I had a bad day yesterday. Sure I probably have had a few semi bad ones since I forgave him but this one was a little worse. I cried over the affair, which I haven’t done since I decided not to bring it up. I guess I’m so scared our relationship is going to go back to the way it was. We never communicated. We talked but not about things that mattered in our relationship. It’s starting to go back to that. After the affair, we talked a lot about our feelings and things that we wanted and needed because it was very relevant at the time. Now we have nothing to talk about. What are we supposed to say to each other?

I have a hard time voicing my feelings for several reasons. I’m so afraid of rejection. I’m afraid I will tell him how I feel and he will joke about it or not take me seriously. I’m afraid to tell him what I want or need because I’m afraid he won’t do it. I have told him in the past my feelings and he has done all the things I’m afraid he would do. He has hurt me in more ways than just being with other women. I can’t tell him this because he always gets so hurt and down on himself I can’t even reason with him. I’m so frustrated because it’s as if he would rather just live his life getting what he needs from me and forgetting what I need. I know he probably doesn’t think like this. He’s a man that’s just not motivated to do it.

This also hurts. I will do things that I like to do. One thing that I like to do is please others. Therefore, I will do the things Jon likes me to do because I want to please him and make him happy. He is not like this. I don’t know how to motivate him to love me the way I want and need. I know it’s not by nagging. I know it’s not by trying to get his attention through negative ways. And just telling him doesn’t seem to work. One thing that I know helps is focusing on him instead of me. This is really hard for me. I want to feel loved before I give him what he wants. It’s hard for me to do something for him when I don’t have good feelings toward him. I had a bad day, so why can’t I just expect him for a day or two to be there for me when I may not be at my best and forget about his self?

Whenever I write I always feel selfish. I feel like I am always down and discouraged. This is probably because the only time I feel like I need to write is when I am. I don’t want to be a selfish person, but I also don’t want to be the one in our relationship that is always giving without being prompted. Yes, I know he isn’t horrible. I know most times he is good at giving me what I need. But why does it feel like those times are only shortly after we have a full blown fight? I also know I used to ask for too much and when I got a little love and attention I was never satisfied. I think I’ve been doing good about that for years now, but he still brings it up whenever I let him know I need some time with him. He doesn’t see the good in me. He sees the bad, whether it’s in me today or two years ago.
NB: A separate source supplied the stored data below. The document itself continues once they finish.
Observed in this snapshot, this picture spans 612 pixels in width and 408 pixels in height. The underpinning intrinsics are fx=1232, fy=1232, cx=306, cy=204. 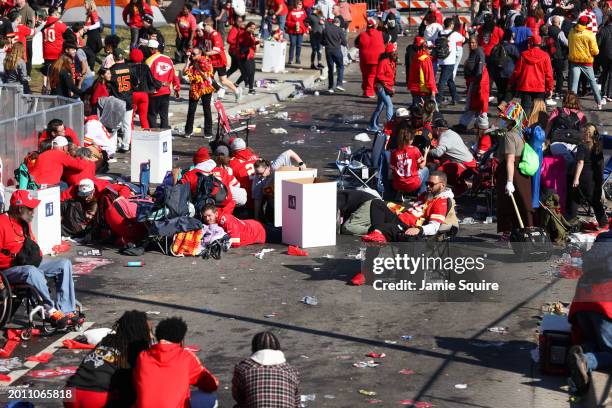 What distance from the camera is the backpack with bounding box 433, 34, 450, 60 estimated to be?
2580cm

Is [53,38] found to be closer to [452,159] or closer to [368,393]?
[452,159]

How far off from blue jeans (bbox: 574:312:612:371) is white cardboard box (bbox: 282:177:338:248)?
5.19m

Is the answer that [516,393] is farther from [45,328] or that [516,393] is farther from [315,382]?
[45,328]

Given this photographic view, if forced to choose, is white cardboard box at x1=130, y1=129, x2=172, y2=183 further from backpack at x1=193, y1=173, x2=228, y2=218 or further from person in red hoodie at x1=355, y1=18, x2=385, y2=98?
person in red hoodie at x1=355, y1=18, x2=385, y2=98

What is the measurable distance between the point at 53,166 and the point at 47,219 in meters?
1.24

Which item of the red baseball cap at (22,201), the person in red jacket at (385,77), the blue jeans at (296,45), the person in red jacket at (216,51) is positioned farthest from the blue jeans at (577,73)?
the red baseball cap at (22,201)

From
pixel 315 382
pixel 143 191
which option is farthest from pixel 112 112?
pixel 315 382

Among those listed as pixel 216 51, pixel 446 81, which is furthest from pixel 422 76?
pixel 216 51

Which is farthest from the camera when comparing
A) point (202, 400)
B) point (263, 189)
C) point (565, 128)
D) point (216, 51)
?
point (216, 51)

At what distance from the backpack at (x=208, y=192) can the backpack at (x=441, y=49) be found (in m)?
11.7

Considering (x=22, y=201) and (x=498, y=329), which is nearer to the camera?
(x=498, y=329)

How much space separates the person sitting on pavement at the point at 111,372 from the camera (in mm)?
8500

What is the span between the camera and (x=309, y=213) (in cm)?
1481

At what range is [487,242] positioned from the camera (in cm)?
1509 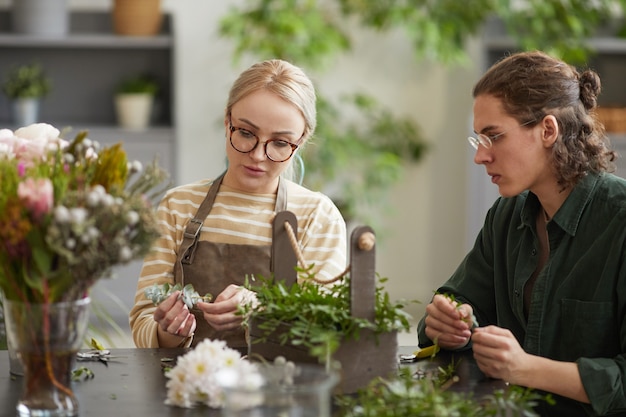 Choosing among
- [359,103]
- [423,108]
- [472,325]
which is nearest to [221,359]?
[472,325]

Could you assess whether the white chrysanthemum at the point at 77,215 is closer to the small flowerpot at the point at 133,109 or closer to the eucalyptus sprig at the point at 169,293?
the eucalyptus sprig at the point at 169,293

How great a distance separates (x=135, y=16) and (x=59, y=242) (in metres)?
4.12

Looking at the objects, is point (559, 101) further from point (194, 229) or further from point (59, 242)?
point (59, 242)

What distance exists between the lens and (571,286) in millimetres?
1967

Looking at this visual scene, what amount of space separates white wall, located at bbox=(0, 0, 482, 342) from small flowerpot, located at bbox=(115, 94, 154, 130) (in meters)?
0.34

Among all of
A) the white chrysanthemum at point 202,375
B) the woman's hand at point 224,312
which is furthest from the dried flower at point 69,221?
the woman's hand at point 224,312

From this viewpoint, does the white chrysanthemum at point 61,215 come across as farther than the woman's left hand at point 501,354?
No

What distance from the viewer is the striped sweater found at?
2.28 meters

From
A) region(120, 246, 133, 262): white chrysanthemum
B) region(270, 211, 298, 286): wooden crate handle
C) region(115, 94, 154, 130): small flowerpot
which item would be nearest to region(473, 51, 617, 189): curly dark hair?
region(270, 211, 298, 286): wooden crate handle

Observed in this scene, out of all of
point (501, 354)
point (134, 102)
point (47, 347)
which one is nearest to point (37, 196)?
point (47, 347)

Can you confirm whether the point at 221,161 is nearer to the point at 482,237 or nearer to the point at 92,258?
A: the point at 482,237

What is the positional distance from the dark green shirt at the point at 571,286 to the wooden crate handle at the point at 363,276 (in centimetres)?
43

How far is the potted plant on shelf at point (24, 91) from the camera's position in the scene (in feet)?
17.3

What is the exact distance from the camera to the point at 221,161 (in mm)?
5789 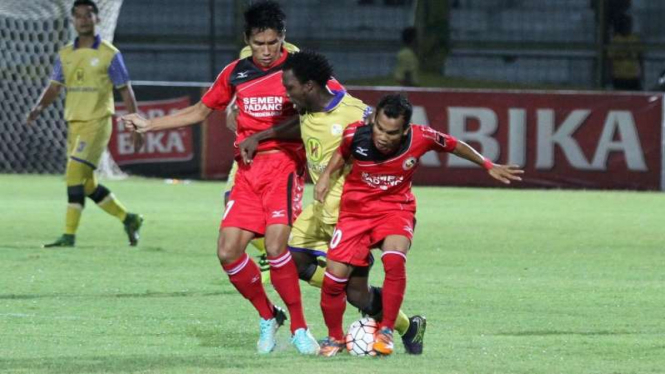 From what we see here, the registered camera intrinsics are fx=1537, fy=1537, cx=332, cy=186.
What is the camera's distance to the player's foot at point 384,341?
7.71m

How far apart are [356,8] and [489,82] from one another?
310cm

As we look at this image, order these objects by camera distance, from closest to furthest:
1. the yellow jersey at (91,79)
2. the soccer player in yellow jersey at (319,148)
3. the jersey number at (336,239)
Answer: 1. the jersey number at (336,239)
2. the soccer player in yellow jersey at (319,148)
3. the yellow jersey at (91,79)

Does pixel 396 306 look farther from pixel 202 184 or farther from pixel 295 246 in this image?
pixel 202 184

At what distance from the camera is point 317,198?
25.7 feet

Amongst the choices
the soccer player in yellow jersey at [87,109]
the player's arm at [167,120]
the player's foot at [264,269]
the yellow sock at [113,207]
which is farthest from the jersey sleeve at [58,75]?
the player's arm at [167,120]

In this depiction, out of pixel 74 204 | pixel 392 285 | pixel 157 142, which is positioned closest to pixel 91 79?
pixel 74 204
I don’t think he wants to be with me. If he really loved me wouldn’t he at least try to give me what I want? I know it’s not the first thing he wants to do. I know it goes against his grain. I know it doesn’t come naturally. What about the things I do? It doesn’t come naturally for me to everyday try and respect someone that has hurt me the way he has. It doesn’t come naturally for me to give him space when the one thing I want from him is attention. I do it anyway! He overlooks everything I do and then doesn’t do what I need because he thinks I’m asking too much. After all the things I try and do for him? Don’t I deserve a little bit of gratitude from him? I’m so discouraged. I try and try and try for so long to give him what he wants and needs but I’m left with nothing.

I wonder sometimes if he thinks he is the only one with temptations. I have them too. When I see a man giving his wife or girlfriend attention that I crave I get jealous. Before I know it I’m thinking what it would be like to have a man like that and I’m resenting my husband. He doesn’t realize how often at night I dream that a man likes me and is giving me all the attention I need, and it’s not him. I wake up wishing I could just go back to sleep and keep dreaming. Go back to that fantasy that someone loves me and wants to make me happy. I wake up feeling dissatisfied with him because I don’t know when I will ever feel loved like that for more than a week or two at a time. I’m glad no man has ever approached me and made me feel loved and special because I don’t know what I would do. I have temptations too. I just don’t have a means to yield to them. I have kids and a husband I feel like I need to take care of right now.

What will it take to get him to see that by not giving me love and attention I’m slowly beginning to resent him?